- Born: February 14, 1960 Brevard County, Florida
- Education: BA from Rutgers University MPA and PhD from Princeton School of Public and International Affairs
- Employer: Princeton School of Public and International Affairs
- Title: Charles and Marie Robertson Visiting Professor

= Susan L. Marquis =

Susan L. Marquis is the Charles and Marie Robertson Visiting Professor at the Princeton School of Public and International Affairs. According to her biography on the Princeton University website, “She teaches and writes on new approaches to public policy and policy analysis with the intent of affecting change in our communities through the combined efforts of the government, nonprofit, philanthropic, and private sectors.”

Marquis was previously the Frank and Marcia Carlucci Dean of the Frederick S. Pardee RAND Graduate School. She held this position from January 1, 2009, to September 30, 2021. She was also the vice president for innovation at RAND Corporation from 2012 to 2021. While at RAND, she was also chair of the advisory council for the Princeton School of Public and International Affairs.

Marquis received her Master’s in Public and International Affairs and PhD. from the Princeton School of Public and International Affairs (formerly the Woodrow Wilson School). She served as Assistant Deputy Chief of Naval Operations for Resources, Requirements, and Assessment for the U.S. Navy and also worked for the Office of the Secretary of Defense. Marquis was later vice president and corporate officer at LMI, a not-for-profit government consulting firm. She was a visiting fellow at the University of Cambridge, and a non-resident senior fellow at the Fox Leadership Institution, University of Pennsylvania. She is a member of the Council on Foreign Relations and the Pacific Council on International Policy. Marquis is a founding member of the Board of Directors, Economics of National Security Association and served on the U.S. Navy’s Board of Advisors to the Naval Postgraduate School and the Naval War College.

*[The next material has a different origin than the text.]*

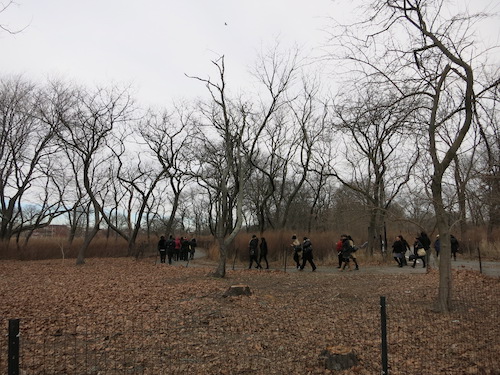 canarsie park brooklyn nyc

Since 2014, she has focused research on the Fair Food Program and the Coalition of Immokalee Workers. She is the author of Unconventional Warfare: Rebuilding U.S. Special Operations Forces (1997) and a book on the CIW, I Am Not a Tractor! How Florida Farmworkers Took On the Fast Food Giants and Won, published by Cornell University Press in December 2017. She discussed her book and the CIW at the Aspen Institute in February 2018 and at the L.A Times Festival of Books in April 2018. She has also penned commentaries relating the topic to other current news, such as the #MeToo movement.

Early in her career, Marquis was active in the Washington, D.C, music scene, managing The Slickee Boys, DJing at the original 9:30 Club, and promoting straight-edge punk concerts.